Task description: In the material below, please retype the lines from the very first through the one with "TePe Interdental Brushes", exactly and without pictures.

Records to use:
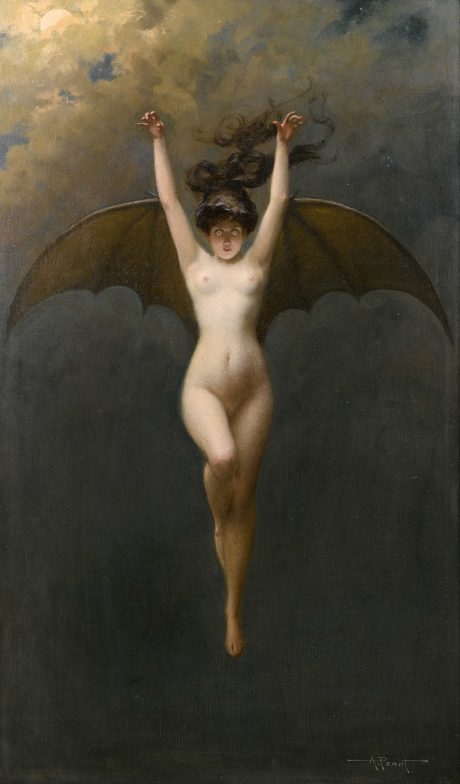 Albert Joseph Pénot - La Femme Chauve-Souris (1890)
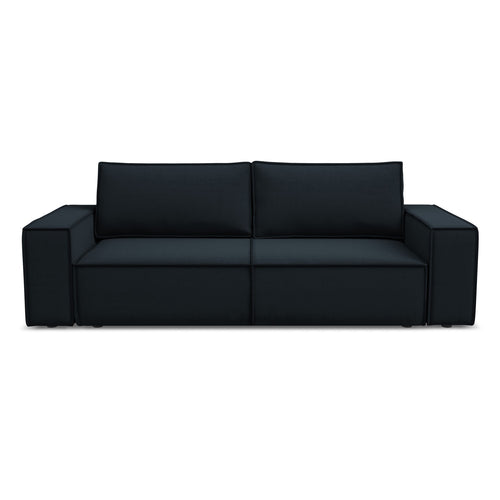 LaMiaSofa 3-zits slaapbank Livorno - velours - koningsblauw - 255x105x85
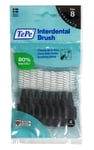 TePe Interdental Brushes Black 1.50mm- 8 Brushes Upto 40% Cleaner Teeth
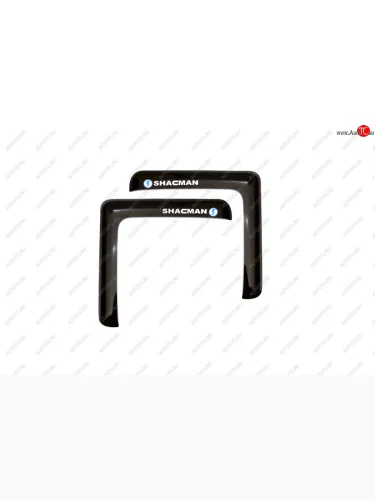 Дефлекторы окон (с логотипом SHACMAN, накладные, дымчатые) REIN SHACMAN F2000 (2013-2025)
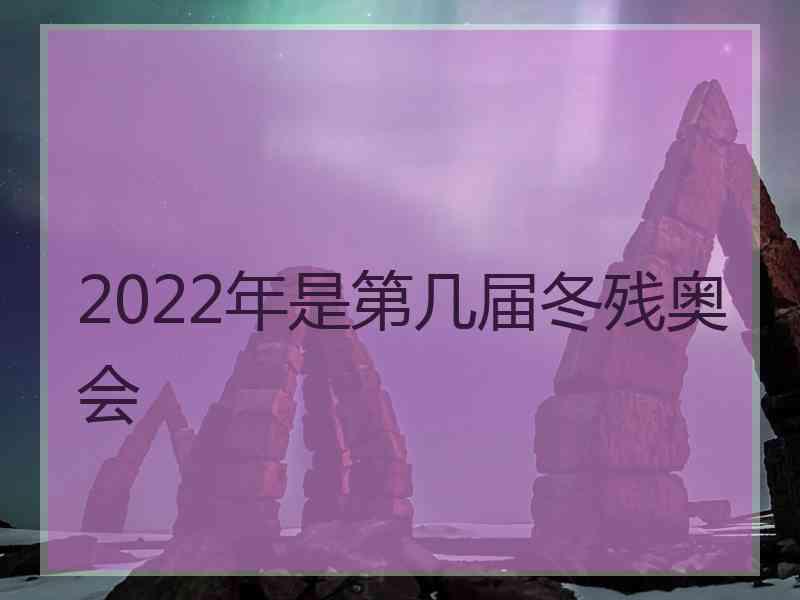 2022年是第几届冬残奥会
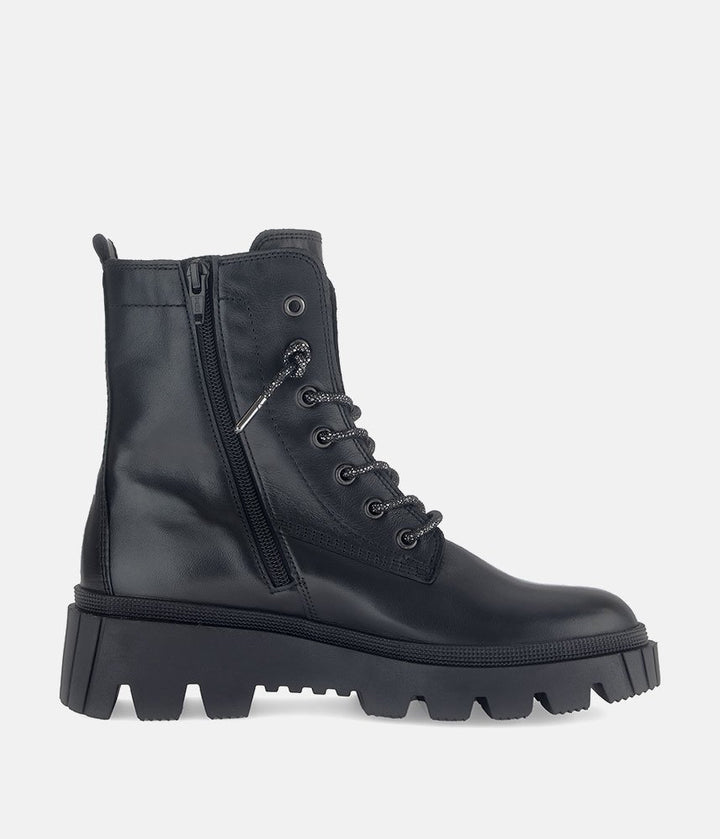 Gabor Statement Chunky Combat Boots - Black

Expected answer:
 Albert Joseph Pénot - La Femme Chauve-Souris (1890)
 LaMiaSofa 3-zits slaapbank Livorno - velours - koningsblauw - 255x105x85
 TePe Interdental Brushes Black 1.50mm- 8 Brushes Upto 40% Cleaner Teeth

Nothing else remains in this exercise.